Indeed, there was. And when you add it all up, it might as well have been a million-dollar tasting, much like driving around and looking at Aspen real estate.
While Ganapathi, along with several distillers, spent most of the seminar discussing the flavors and processes of the different offerings, the out-of-the-gate confession about the money in the bottle was a startling and quite surprising revelation in the world of whiskey for me.
Whiskey is now like fine art, fine wine, or a second, third or fourth house.
“A lot of people are in it for the flavor. … How I got to this table was the collection side of things,” Ganapathi said. “The Yamazaki 50, which retailed for $4,800 in 2005 is now worth $500,000 …. The Yamazaki 55 is now $900,000 at a retail price of $32,500.”

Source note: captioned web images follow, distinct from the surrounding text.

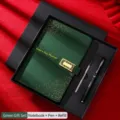 Set regalo taccuino A5 in PU verde con design a cielo stellato e penna - Set regalo / Verde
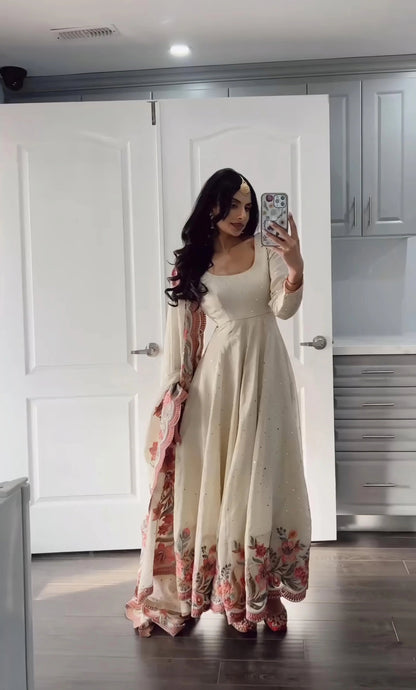 Rose Mist Ivory Anarkali Gown Outfit Set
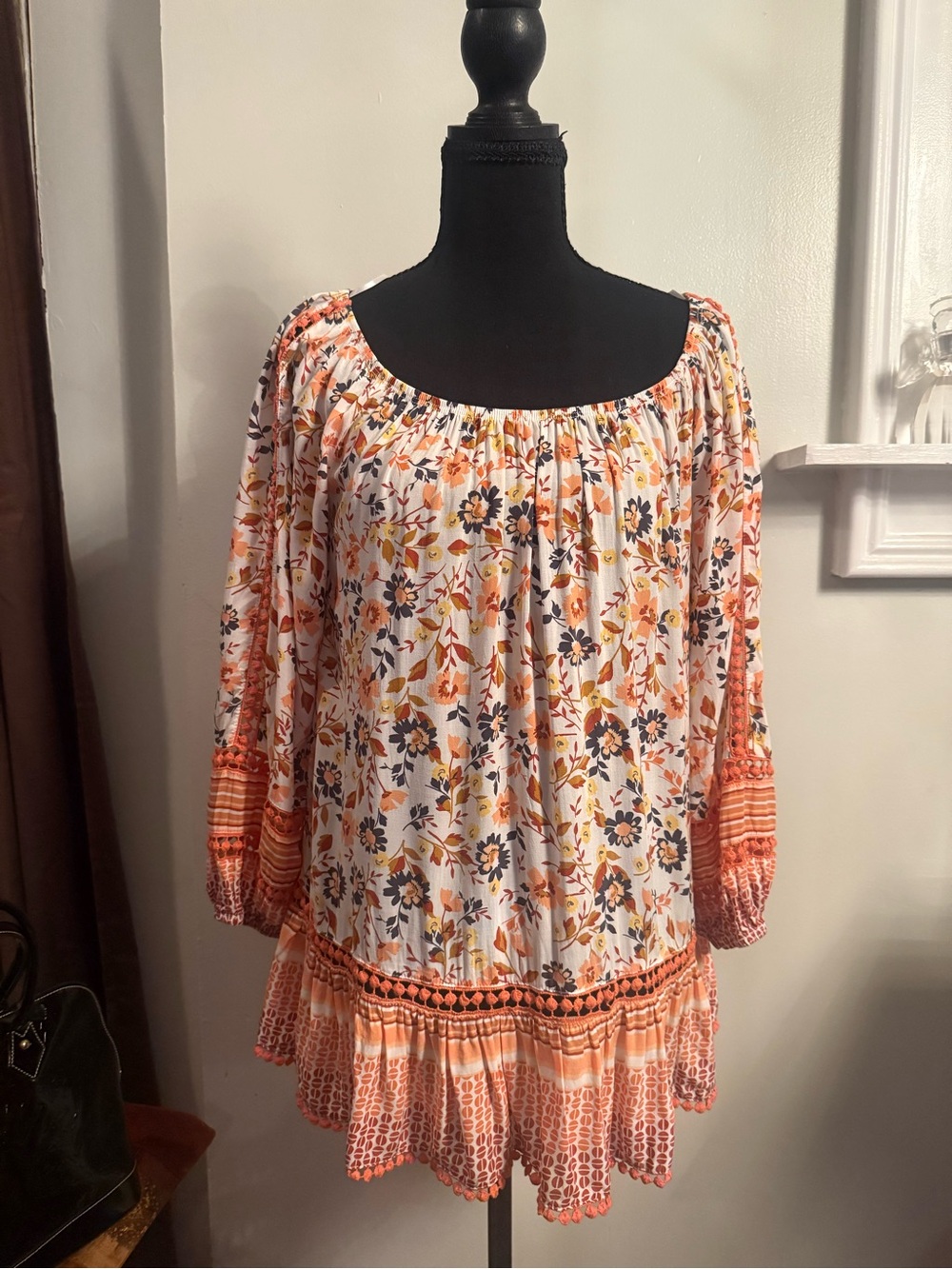 Fever Orange, Navy & Cream Floral Peasant Tunic
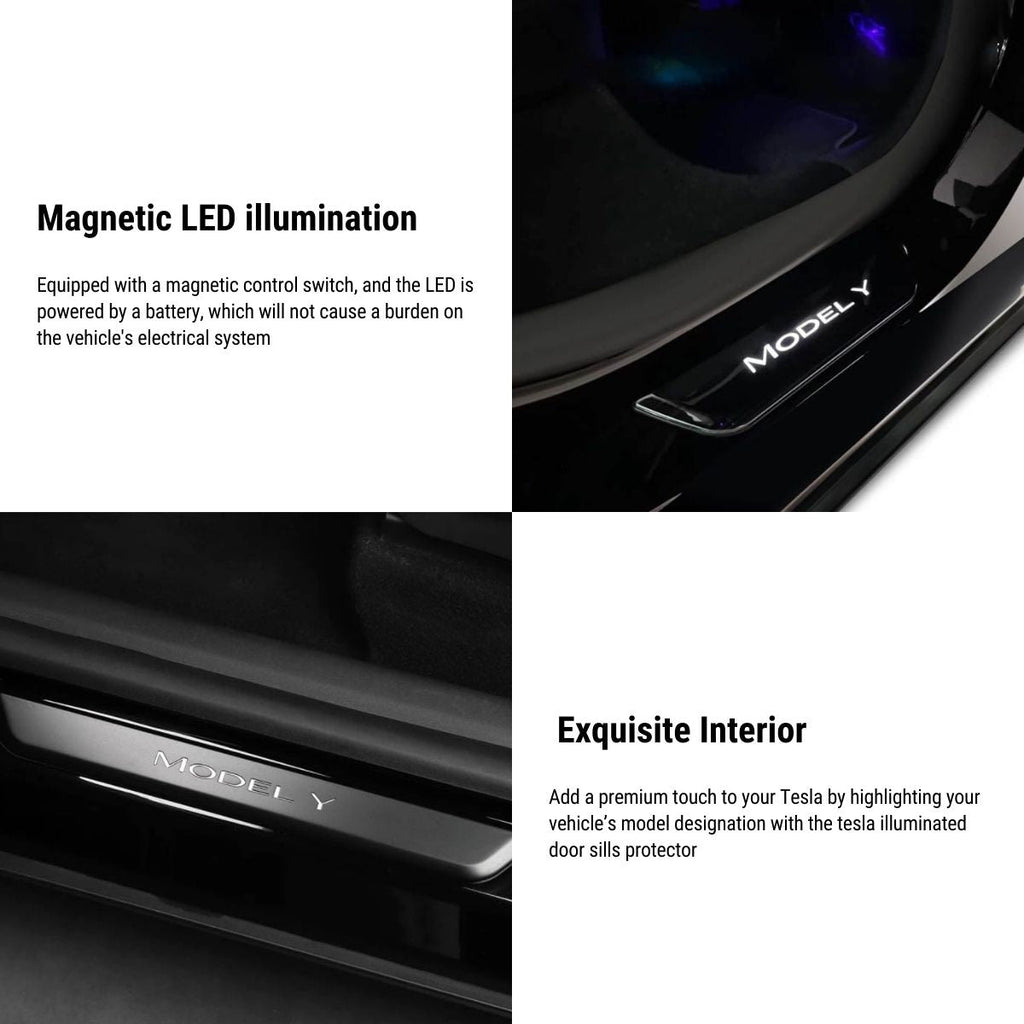LED illuminated Welcome Pedal Door Sill Protector for Model Y / 3 |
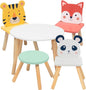 Kids Wooden Animal Table & Chair Set w 4 Seats- Tiger Panda & Fox Plus Adult Stool for Arts Crafts, Dining, Pretend Play- Durable Playroom Furniture for Home Daycare Classroom- Toddler Activity Center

He went onto say that Macallan bottles are going for over $1 million.
“So, people buy houses, I buy whiskey,” he joked.
Regardless of the price, all of eight chosen ones for Ganapathi were approachable and drinkable.
The favorite among the crowd was the 17-year-old Heaven Hill Kentucky straight bourbon whiskey from the Heritage Collection.

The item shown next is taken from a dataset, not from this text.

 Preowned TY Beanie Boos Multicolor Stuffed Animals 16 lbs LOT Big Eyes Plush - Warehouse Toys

“We do two things really well: one is we make a pretty good whiskey and two, we make really good, aged whiskey,” said Conor O’Driscoll, distillery manager.

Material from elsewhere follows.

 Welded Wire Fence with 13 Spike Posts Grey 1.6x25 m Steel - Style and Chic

He said aging it that long translates into a huge loss of product due to the extended time the whiskey ages in the barrel.
“The angels are thirsty,” O’Driscoll laughed. “A lot of the 17-, 19-, 20-year-olds we have in the warehouse when we pull them out, they are empty and the barrel literally falls apart and some of them honestly taste like crap, they taste like a dirty little stick, but the ones that turn out taste like this and this the magic, this is the art, the science and what makes it f—ing perfect.”
He described it as a unicorn. It was released six weeks ago at $275 retail.
Oh, and it’s 118 proof. Strong, smooth and tasty. The only way whiskey should be.